■ MATERIALS PROVIDED:

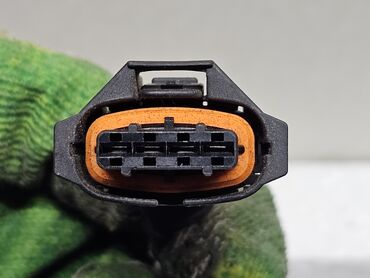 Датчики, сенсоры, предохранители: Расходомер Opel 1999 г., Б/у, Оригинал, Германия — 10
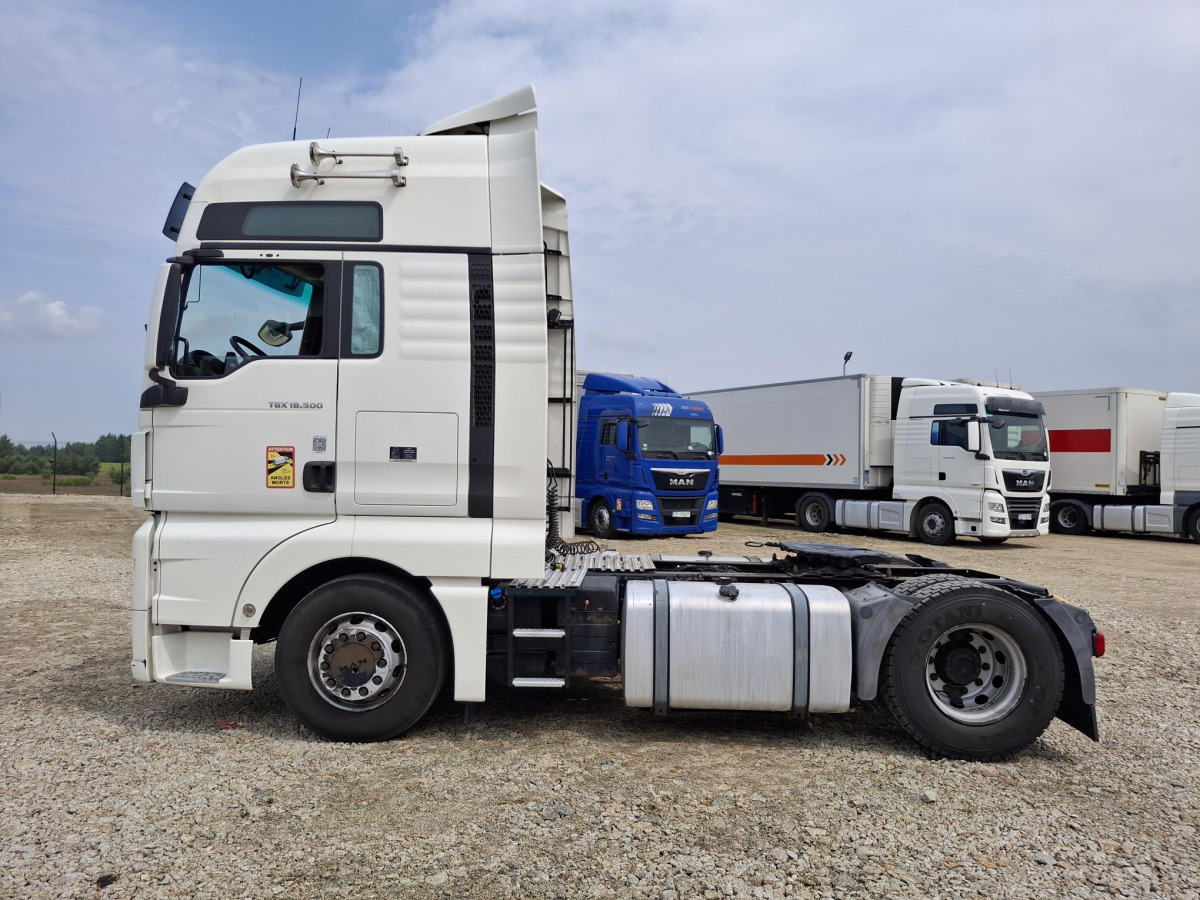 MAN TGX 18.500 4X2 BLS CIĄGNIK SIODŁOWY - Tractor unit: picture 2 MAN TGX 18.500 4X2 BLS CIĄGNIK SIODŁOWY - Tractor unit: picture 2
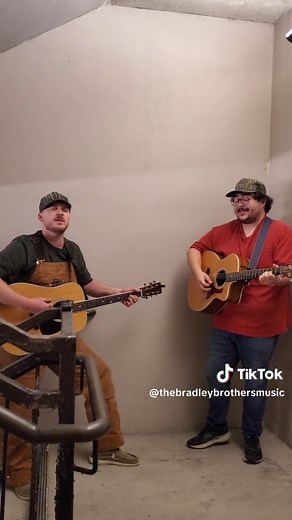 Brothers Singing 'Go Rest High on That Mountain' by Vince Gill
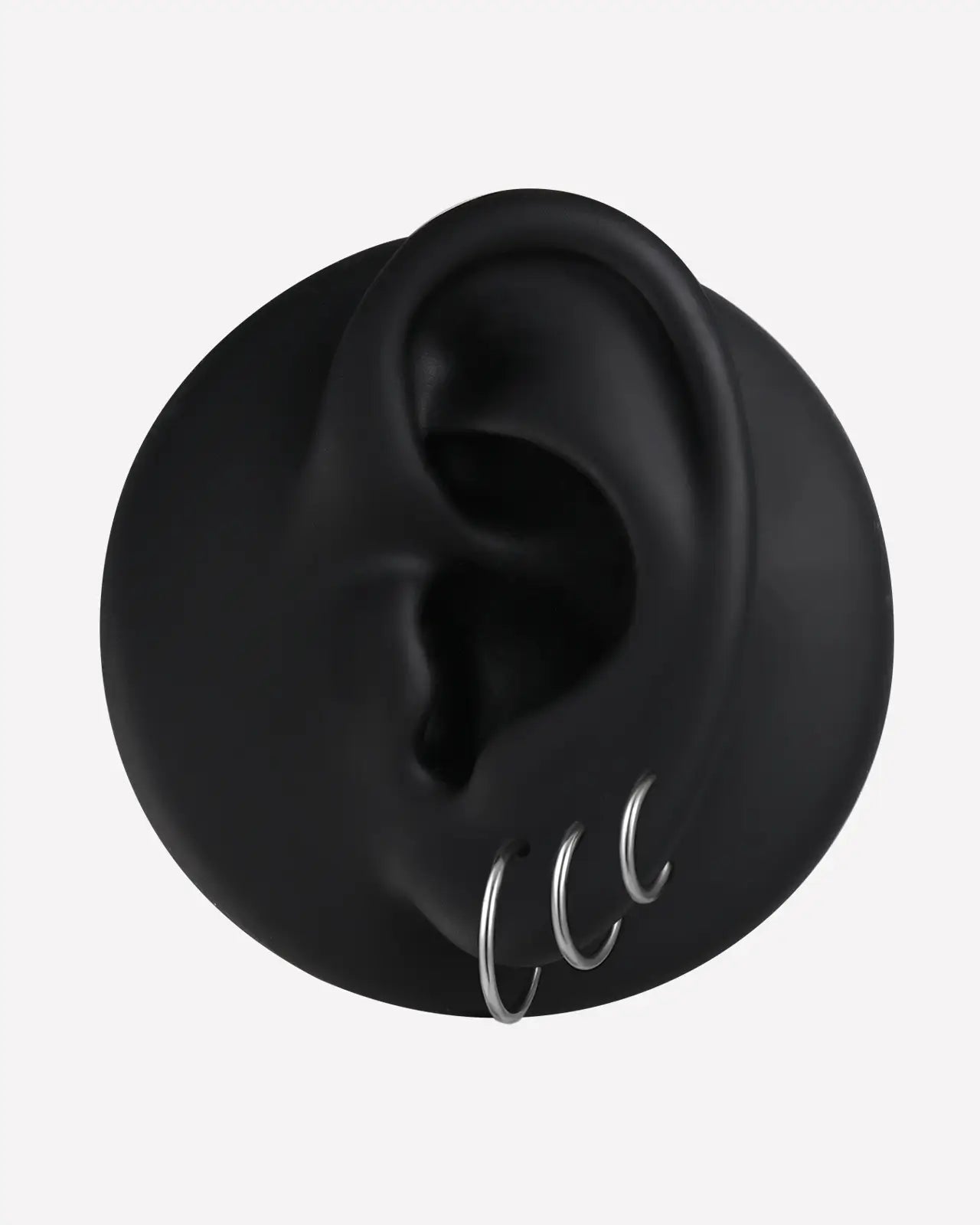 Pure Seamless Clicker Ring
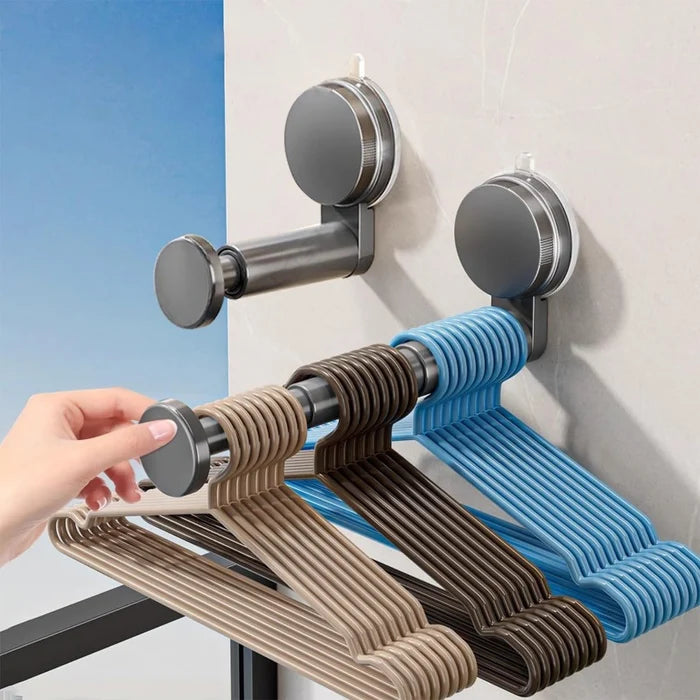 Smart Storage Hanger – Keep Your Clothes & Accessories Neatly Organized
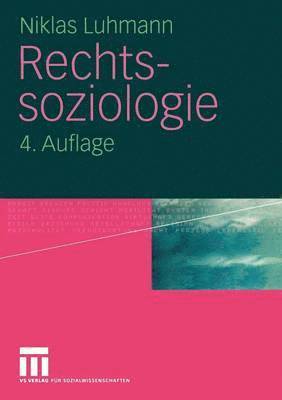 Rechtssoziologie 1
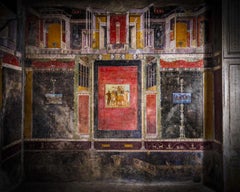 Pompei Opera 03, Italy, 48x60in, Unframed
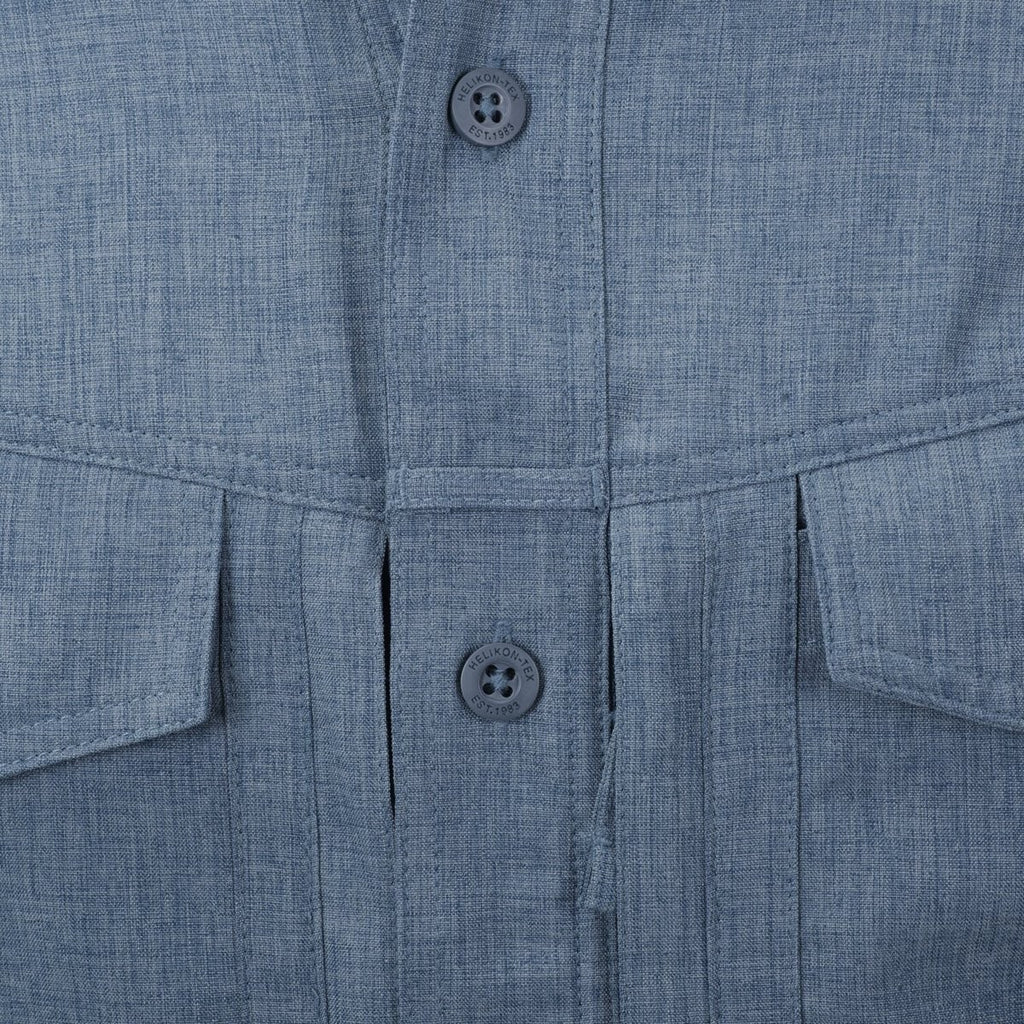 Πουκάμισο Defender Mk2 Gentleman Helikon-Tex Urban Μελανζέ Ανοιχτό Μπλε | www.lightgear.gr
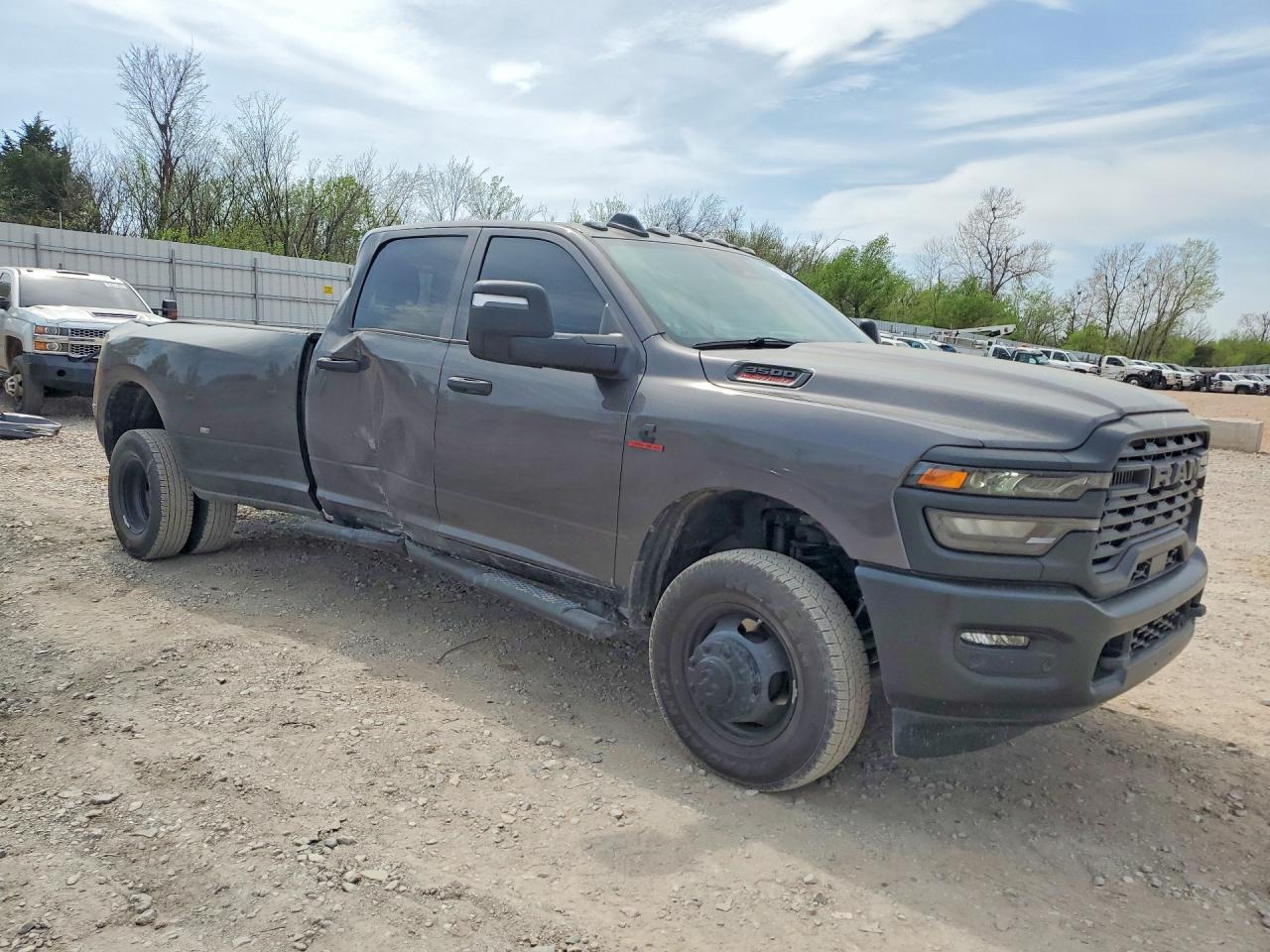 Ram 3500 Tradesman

■ EXERCISE DESCRIPTION: Please repeat exactly the lines from the one containing "Pompei Opera 03, Italy, 48x60in, Unframed" through the end of the entries, both included, omitting pictures.

■ RESULT BELOW:
 Pompei Opera 03, Italy, 48x60in, Unframed
 Πουκάμισο Defender Mk2 Gentleman Helikon-Tex Urban Μελανζέ Ανοιχτό Μπλε | www.lightgear.gr
 Ram 3500 Tradesman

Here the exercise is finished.